The Jan FOMC decision was hawkish on multiple fronts. The statement signalled a March hike as expected, but Chair Powell portrayed a very hawkish tone. Even though Powell said they can’t predict the rate path with certainty, he stressed the economy is in much better shape compared to the 2015 cycle and that will have implications for the pace of hikes (more and faster). Furthermore, he explained that there is ‘quite a bit of room’ to raise rates without damaging employment, which suggests upside risks to the rate path. A big question going into the meeting was how concerned the Fed was about recent equity market volatility . But the Chair explained that markets and financial conditions are reflecting policy changes in advance and that in aggregate the measures they look at isn’t showing red lights. Thus, any ‘Fed Put’ is much further away and inflation is the Fed’s biggest concern right now. The Chair also didn’t rule out the possibility of a 50bsp hike in March or possibly hiking at every meeting this year, which was hawkish as it means the Fed wants optionality to move more aggressive if they need to. We didn’t get new info on the balance sheet and Powell reiterated that they’re contemplating a start of QT after hiking has begun and they’ll discuss this in coming meetings. Overall, the tone and language were a lot more hawkish than the Dec meeting and more hawkish than consensus was expecting.

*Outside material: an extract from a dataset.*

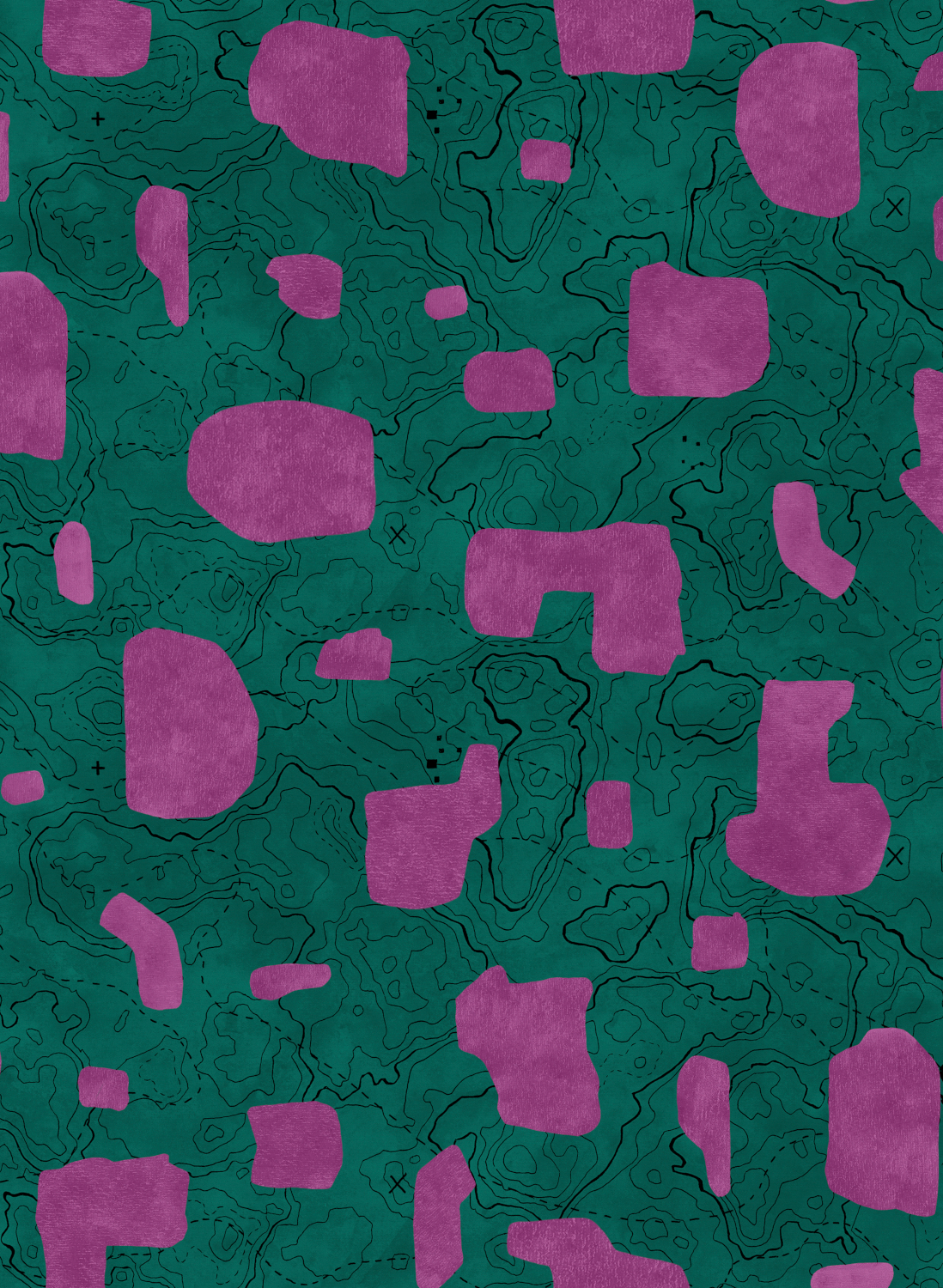 Tapete Map Xylography - Fuchsia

2. Global & Domestic Economy

As the reserve currency, the USD’s global usage means it’s usually inversely correlated to the global economy and global trade. Thus, USD usually appreciates when growth & inflation slow (disinflation) and depreciates when growth & inflation accelerates (reflation). With expectations that growth and inflation will decelerate this year that should be a positive input for the USD. However, incoming data will also be important in relation to the ‘Fed Put’. There are many similarities between now and 4Q18, where the Fed were also tightening aggressively going into an economic slowdown. As long as growth data slows and the Fed stays aggressive that is a positive for the USD, but if it causes a dovish Fed pivot and lower rate repricing it would be a negative input for the USD.

3. CFTC Analysis

With peak hawkishness for the Fed arguably close to baked in for the USD, it’s been interesting to view the positioning unfold in the past few weeks. The USD remains a net-long across large specs, leveraged funds and asset managers, but price action has been looking stretched. However, given growing stagflation and geopolitical risks it means stretched positioning might not be as important right now, but worth keeping in mind of course.